Italian pianist and composer (born 1947)

Ada Gentile (born 26 July 1947) is an Italian pianist and composer. She has taught at the Rome Conservatory and been artistic director of uovi Spazi Musicali, Rome, Goffredo Petrassi Chamber Orchestra, Rome and the opera house in Ascoli Piceno, and advisor to the Venice Biennale Festival. Her works have been performed internationally, and she was honoured by the Polish Ministry of Culture in 1988 ‘for cultural services’. She was also awarded the Cavaliere al merito of the Italian Republic.

==Life==
Ada Gentile was born in Avezzano and attended the Conservatorio di St. Cecilia in Rome, graduating in piano and composition. She then completed a graduate degree in composition at the Accademia di Santa Cecilia with Goffredo Petrassi. She was successful in international competitions, including Gaudeamus in 1982, ISCM, Budapest in 1986 and Essen in 1995.

She has lectured at Northwestern University, Juilliard School, Wayne State University, Columbia University, the University of Chicago and the University of California, Berkeley in the United States and also widely in Europe and Asia. She was Deputy Director of St. Cecilia Conservatory from 1999 to 2005, and has been instrumental in organizing a number of music festivals. She was advisor to the Venice Biennale Festival from 1993 to 1997, and was artistic director of Nuovi Spazi Musicali, Rome, Goffredo Petrassi Chamber Orchestra, Rome and the opera house in Ascoli Piceno. From 1978 she taught at the Rome Conservatory.

Her works have been performed internationally.
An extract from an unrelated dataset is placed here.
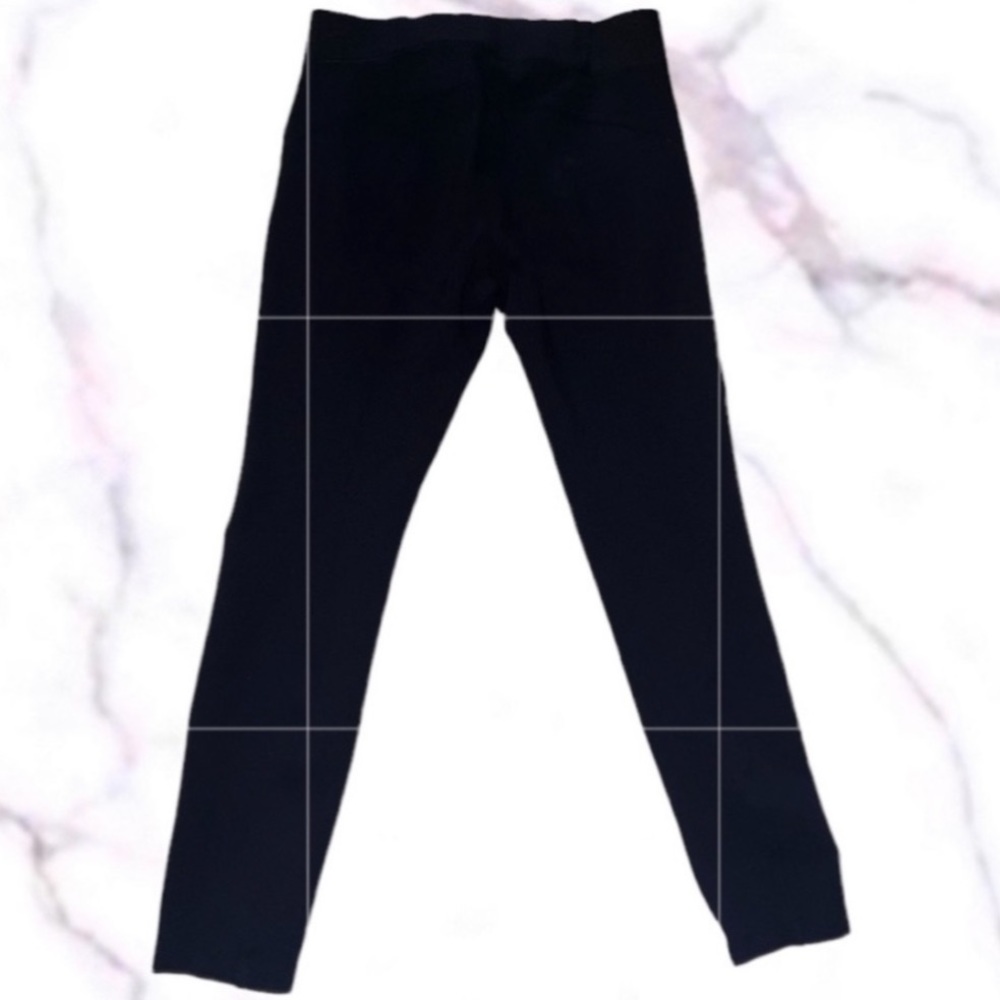 Simply Vera Vera Wang Black High Waisted Ponte Pull-on Skinny Pants M EUC Preppy - Picture 9 of 17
Gentile was honoured by the Polish Ministry of Culture in 1988 ‘for cultural services’.

==Honors and awards==
- Gaudeamus prize 1982
- ISCM Budapest prize 1986
- ISCM Essen prize 1995
- Cavaliere al merito of Italian Republic

==Works==
Selected works include:
- Adagios for string orchestra (1993–94)
- Adagio for a Summer for flute and strings (1998)
- Concertante for flute, guitar and orchestra (1989)
- Concerto for Clarinet and Orchestra (1995)
- Concert ("Veni Lumen Cordis") for female voice (or B♭ clarinet) and orchestra (1993)
- Criptografia (Cryptography) for viola and chamber orchestra (1985)
- Two Episodes for organ, orchestra and voice in echo (1988)
- Flighty for orchestra (1982)
- Around for flute, clarinet and viola (1984)
- Insight for 2 violins and viola (1984)
- Perviolasola for viola solo (1987)
- Music Scene (1996)
- Piccolo concerto for chamber orchestra (1995)
- Shading for guitar and chamber orchestra (1988)
- Veränderungen for symphony orchestra (1976)
- Why Not? for orchestra (1985)
- She Begged My Mother for orchestra and narrator (2000)

==Discography==
Gentile maintains an extended discography. Selected recording include:
- La voce contemporanea in Italia, Vol. 2 - Audio CD (Stradivarius, 2006) by Ennio Morricone, Bruno Maderna, Ada Gentile, Carlo Mosso, et al.
- Vittorio Fellegara: Requiem di Madrid, Die Irae, Notturno Ada Gentile: Criptografia, Shading - Audio CD by Ada Gentile, Vittorio Fellegara, Giulio Bertola, Lev Martkitz, et al.
- Paesaggi Della Mente - Audio CD by Ada Gentile and Manuel Zurria - flute
- Plot in Fiction - Audio CD (Aug. 27, 2002) by Enrico Correggia, Luca Francesconi, Giacinto Scelsi, Ada Gentile, et al.